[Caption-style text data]
[Start of section]

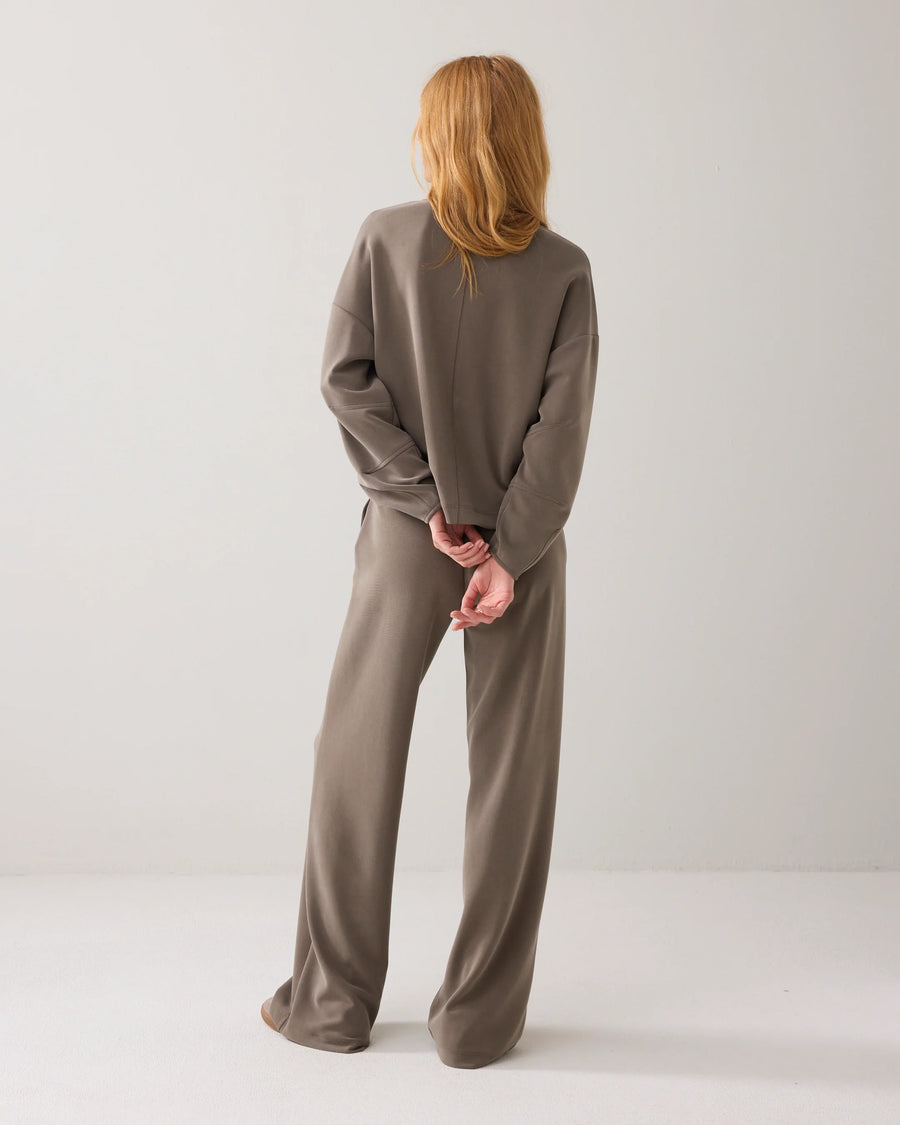 Scuba broek met pintuck - Summum - 4s2879-30606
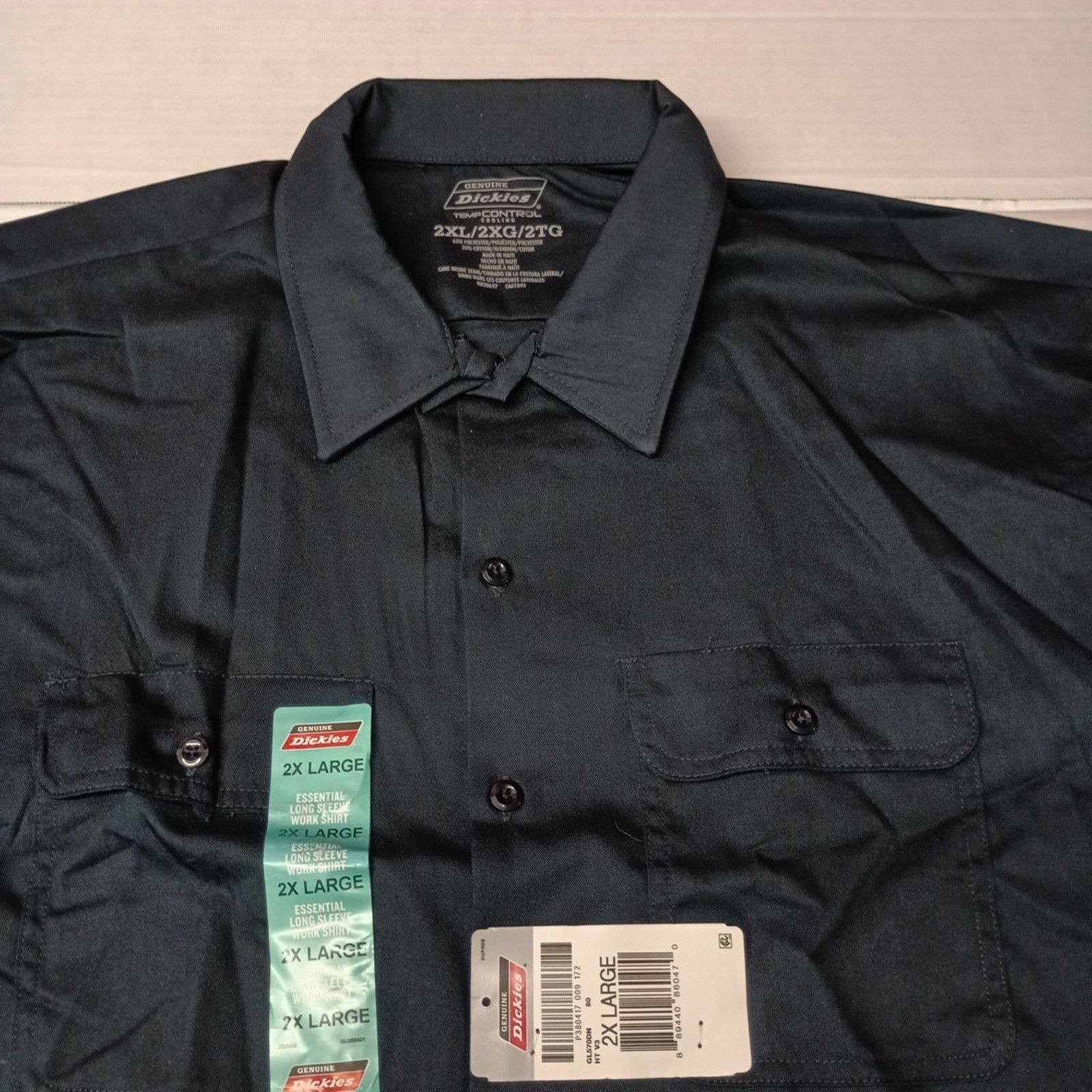 Dickies Dickies Essential Work Shirt Mens Size 2XL Blue Temp Control Size US XXL / EU 58 / 5 - 3 Thumbnail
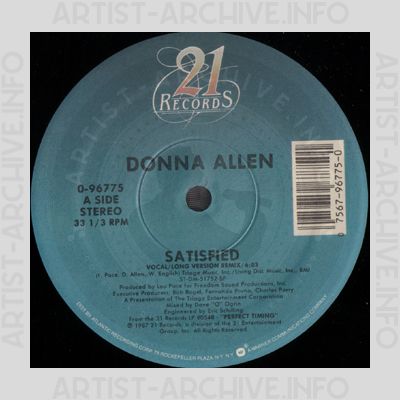 Donna Allen - Satisfied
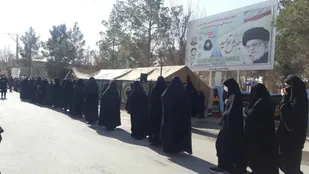 راه اندازی کاروان فاطمیون در مروست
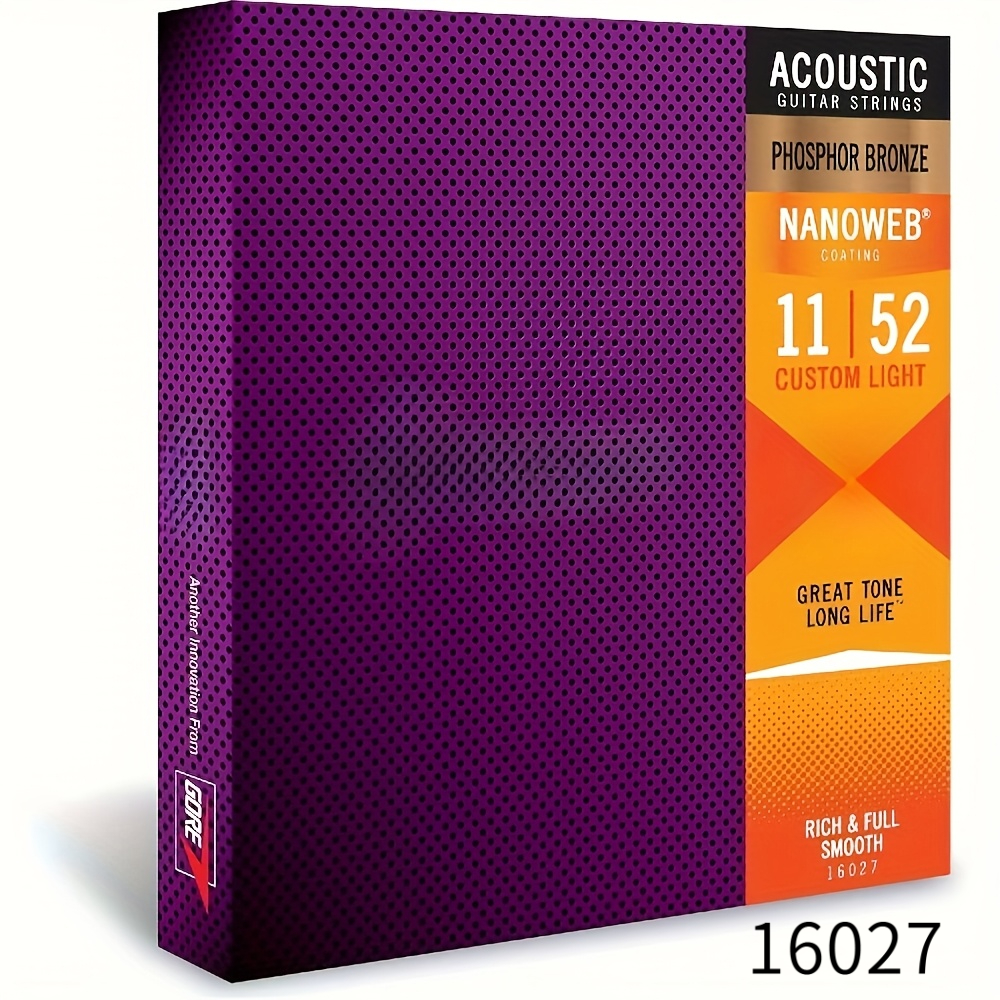 Guitar Strings, Acoustic Guitar Strings, Light Gauge 12-53, Bronze Coating, -lasting Bright And Tone With Comfortable Feel And Make Gifts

[End of section]

● **Problem description**:
After locating the line with "Donna Allen - Satisfied", transcribe it and the rest of the data above exactly as written, without any picture.

● **Task output**:
 Donna Allen - Satisfied
 راه اندازی کاروان فاطمیون در مروست
 Guitar Strings, Acoustic Guitar Strings, Light Gauge 12-53, Bronze Coating, -lasting Bright And Tone With Comfortable Feel And Make Gifts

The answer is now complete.